* DESCRIPTION OF THE TASK: Write out the listing beneath this instruction in its entirety, exactly as it reads.
=-=-=
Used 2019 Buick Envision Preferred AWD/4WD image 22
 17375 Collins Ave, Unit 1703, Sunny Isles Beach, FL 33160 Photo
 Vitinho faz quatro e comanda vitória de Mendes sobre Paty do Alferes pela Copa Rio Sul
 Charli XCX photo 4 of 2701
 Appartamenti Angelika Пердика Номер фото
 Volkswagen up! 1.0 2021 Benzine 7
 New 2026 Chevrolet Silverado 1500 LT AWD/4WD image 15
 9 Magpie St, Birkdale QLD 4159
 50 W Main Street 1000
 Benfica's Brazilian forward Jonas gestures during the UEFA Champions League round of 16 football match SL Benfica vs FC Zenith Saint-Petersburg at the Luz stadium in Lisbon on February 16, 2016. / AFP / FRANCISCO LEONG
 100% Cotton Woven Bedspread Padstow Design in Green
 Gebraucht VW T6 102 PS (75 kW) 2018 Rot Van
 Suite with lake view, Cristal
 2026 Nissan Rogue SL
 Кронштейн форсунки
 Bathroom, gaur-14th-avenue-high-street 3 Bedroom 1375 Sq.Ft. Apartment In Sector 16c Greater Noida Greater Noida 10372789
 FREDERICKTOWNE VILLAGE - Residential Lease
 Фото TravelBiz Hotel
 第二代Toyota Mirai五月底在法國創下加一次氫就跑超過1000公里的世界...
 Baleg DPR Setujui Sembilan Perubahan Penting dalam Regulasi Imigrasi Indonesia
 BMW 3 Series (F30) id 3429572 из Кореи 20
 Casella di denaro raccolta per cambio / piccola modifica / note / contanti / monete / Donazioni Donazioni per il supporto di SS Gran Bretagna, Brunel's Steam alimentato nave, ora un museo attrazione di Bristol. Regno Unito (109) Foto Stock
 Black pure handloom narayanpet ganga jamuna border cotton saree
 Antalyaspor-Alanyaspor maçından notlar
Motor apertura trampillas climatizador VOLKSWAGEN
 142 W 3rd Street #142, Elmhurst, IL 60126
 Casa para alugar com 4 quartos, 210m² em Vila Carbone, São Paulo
=-=-=
* SOLUTION TO THIS EXERCISE:
Used 2019 Buick Envision Preferred AWD/4WD image 22
 17375 Collins Ave, Unit 1703, Sunny Isles Beach, FL 33160 Photo
 Vitinho faz quatro e comanda vitória de Mendes sobre Paty do Alferes pela Copa Rio Sul
 Charli XCX photo 4 of 2701
 Appartamenti Angelika Пердика Номер фото
 Volkswagen up! 1.0 2021 Benzine 7
 New 2026 Chevrolet Silverado 1500 LT AWD/4WD image 15
 9 Magpie St, Birkdale QLD 4159
 50 W Main Street 1000
 Benfica's Brazilian forward Jonas gestures during the UEFA Champions League round of 16 football match SL Benfica vs FC Zenith Saint-Petersburg at the Luz stadium in Lisbon on February 16, 2016. / AFP / FRANCISCO LEONG
 100% Cotton Woven Bedspread Padstow Design in Green
 Gebraucht VW T6 102 PS (75 kW) 2018 Rot Van
 Suite with lake view, Cristal
 2026 Nissan Rogue SL
 Кронштейн форсунки
 Bathroom, gaur-14th-avenue-high-street 3 Bedroom 1375 Sq.Ft. Apartment In Sector 16c Greater Noida Greater Noida 10372789
 FREDERICKTOWNE VILLAGE - Residential Lease
 Фото TravelBiz Hotel
 第二代Toyota Mirai五月底在法國創下加一次氫就跑超過1000公里的世界...
 Baleg DPR Setujui Sembilan Perubahan Penting dalam Regulasi Imigrasi Indonesia
 BMW 3 Series (F30) id 3429572 из Кореи 20
 Casella di denaro raccolta per cambio / piccola modifica / note / contanti / monete / Donazioni Donazioni per il supporto di SS Gran Bretagna, Brunel's Steam alimentato nave, ora un museo attrazione di Bristol. Regno Unito (109) Foto Stock
 Black pure handloom narayanpet ganga jamuna border cotton saree
 Antalyaspor-Alanyaspor maçından notlar
Motor apertura trampillas climatizador VOLKSWAGEN
 142 W 3rd Street #142, Elmhurst, IL 60126
 Casa para alugar com 4 quartos, 210m² em Vila Carbone, São Paulo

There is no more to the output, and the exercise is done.